At the forefront of this turmoil lies the Tea Board of Kenya (TBK), the guardian of Kenya’s tea heritage. Disclosures from TBK shed light on the plummeting absorption rates at the auction, plunging from a robust 76% in previous years to a concerning 60% in 2023. This downward spiral has hit hard, particularly for growers from the factories nestled in the western Rift Valley. But why the sudden decline? Well, it seems the culprit is an influx of teas that fall short in the quality department. The market is flooded with teas that fail to meet the discerning standards of buyers, leading to a downward spiral in prices.

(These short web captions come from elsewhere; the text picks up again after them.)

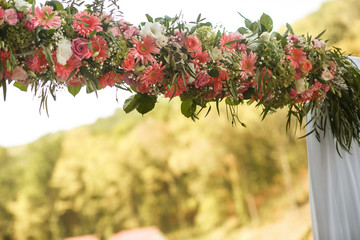 Fototapeta premium The wedding archway with flowers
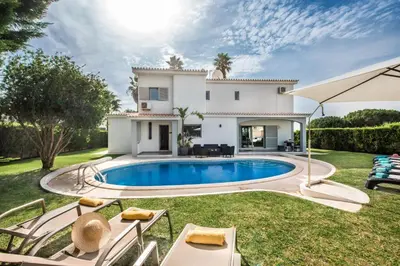 an outdoor dining room with a table and chairs at SeaBreeze by Algarve Villa Holidays in Galé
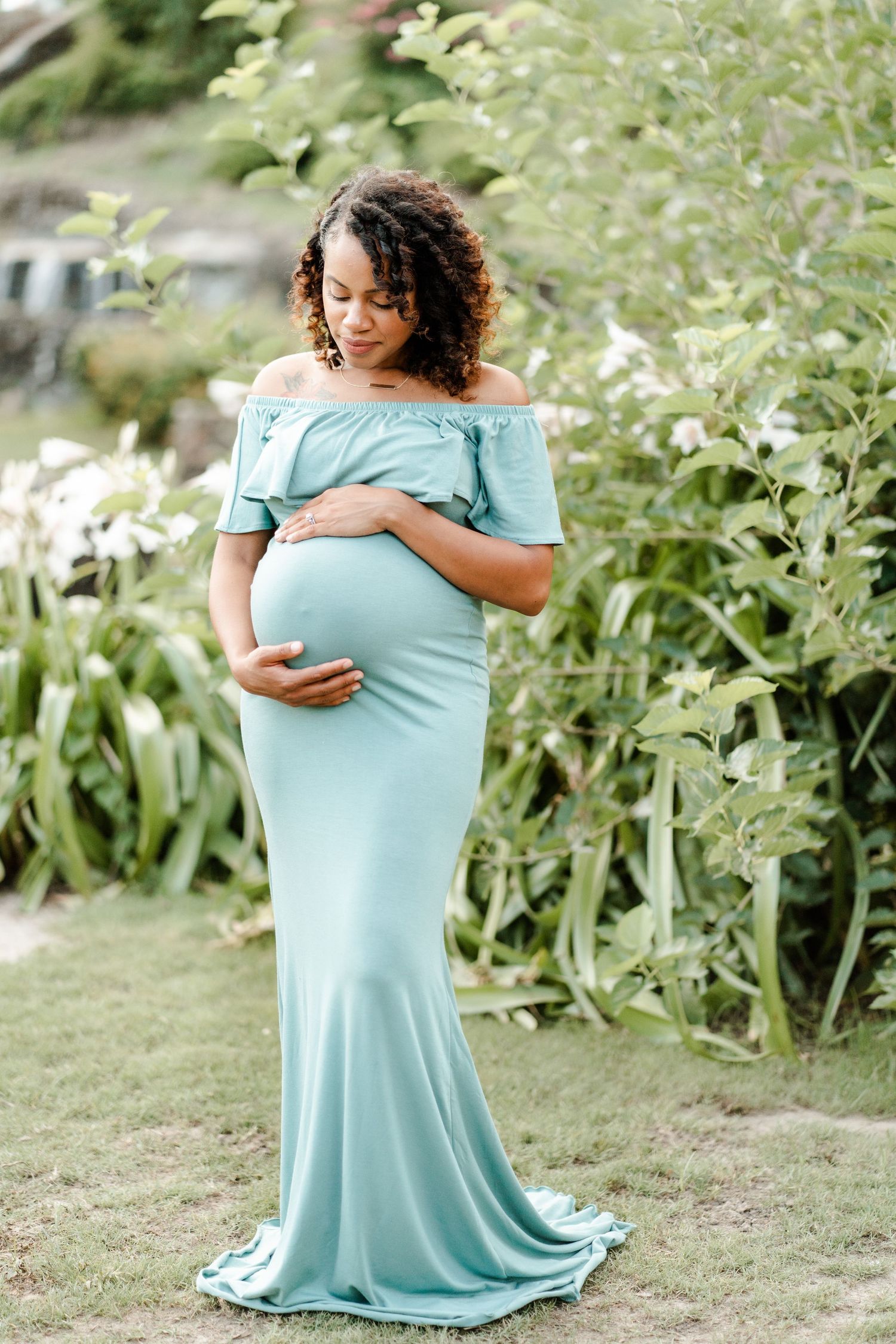 A person in a flowing mint green dress poses in front of lush greenery in a garden setting.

The Kenya Tea Development Agency (KTDA), a key player in the auction, finds itself grappling with the fallout. The average auction price has taken a nosedive, falling to $2.24 per kilogram, well below the set reserve price of $2.43. Calls for the removal of this floor price echo through the industry corridors, as stakeholders clamor for a solution to stem the tide of unsold stocks. In response to the crisis, the government is contemplating a repeal of regulations introduced in 2021. These regulations, intended to boost earnings for smallholder farmers, have inadvertently led to unforeseen consequences. Talks are underway to pave the way for a return to price liberalization, providing a glimmer of hope amidst the storm. As Kenya’s tea sector grapples with these challenges, the future remains uncertain. But one thing is clear: the resilience and determination of tea growers and enthusiasts alike will undoubtedly see them through this turbulent time.